I went back to the waiter's station and told one of the overnight waiters what had just happened. "Can you believe that? She's getting all bent out of shape over the fact that I poured coffee into a cup that wasn't on its saucer--and isn't that her responsibility?"

"That bitch," he said. "Fuck her."

He had a glint in his eye that signified opportunity recognized--that mischievous sparkle of inspiration beyond traditionally held beliefs related to good and evil, existing in the realm of moral absolutes and inevitable action.

Ten minutes later, he clasped my elbow and whispered in my ear. "You won't have to worry about her."

"Why," I asked with a slight grin of anticipation.

"I put a little bleach into her coffee. When she gets home, she should be on the toilet for a few hours."

My grin turned into the open gape of horror. "You did what?"

"Just a little bit of bleach. It won't hurt her."

"Well, you really didn't have to do that, man. I wasn't that pissed at her!"

"Don't worry. She'll be fine. Fuck her, anyway."

I then realized what too many years in food service could do to a guy. It could turn you into an absolute psycho. Don't piss off your servers, people. It's a policy that I've adhered to very strictly since that fateful day.

Not that anyone ever worried about pissing me off. There aren't a whole hell of a lot of near blind people working in food service--not, at least, waiting tables. But wait tables I did at the legendary Wabash Triangle Cafe. I was freakin' Superman with a tray full of entrees, able to deal the right dish to the right customer without tripping or spilling anything. I was the blind equivalent of the guy on the Ed Sullivan Show who used to spin the plates, except with food on them.
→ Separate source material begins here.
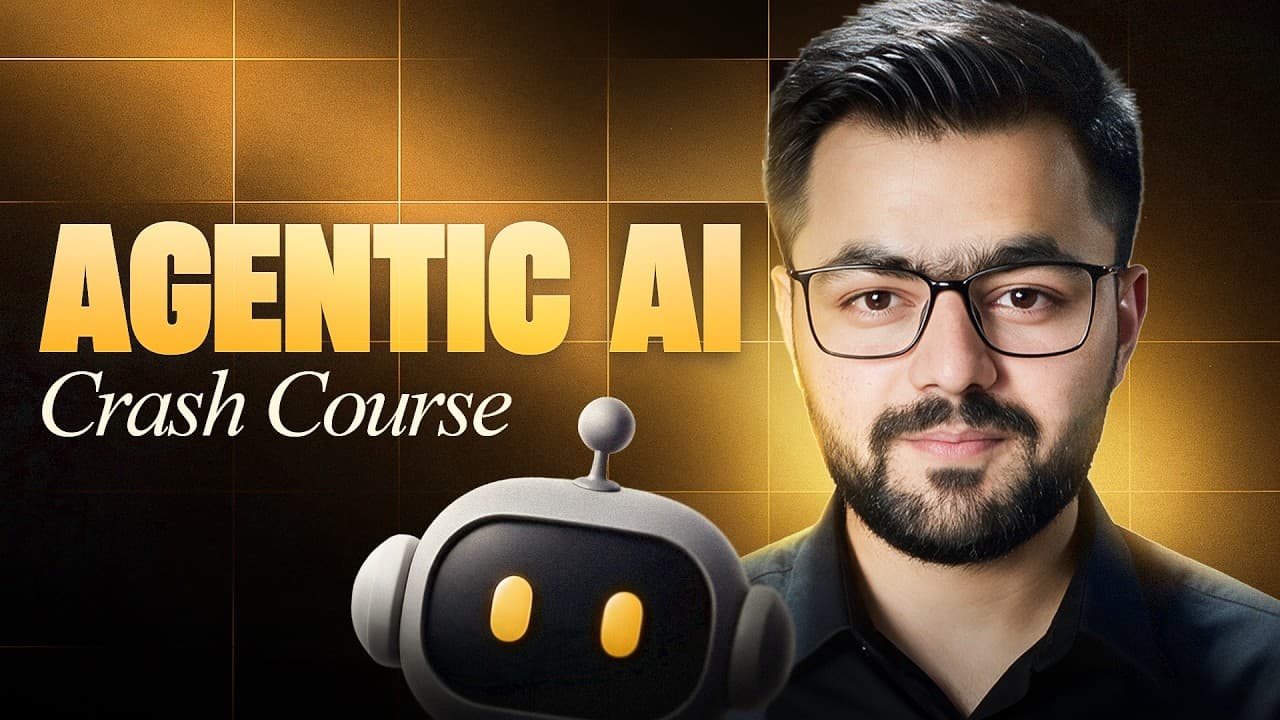 Agentic AI System Design Crash Course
One day, I accidentally bumped someone's elbow, prompting him to say, "What's the matter with you--are you blind?" I smiled stupidly and walked away, while Calvin, the owner and proprietor gently whispered that yes, in fact, their server was blind. I'm told the look of guilt and anguish across the customer's face was too perfect for words. I got a nice tip. We laughed ourselves sick after they left.

So there you go--one moment of sweet and appropriate revenge that didn't cause anyone to rush to the john or get me punched in the face. Many people work their whole lives without that kind of vindication, and although I may piss and moan about my work history, I know in my heart that I'm luckier than most. A little petty vindication beats a capful of bleach in your coffee any day.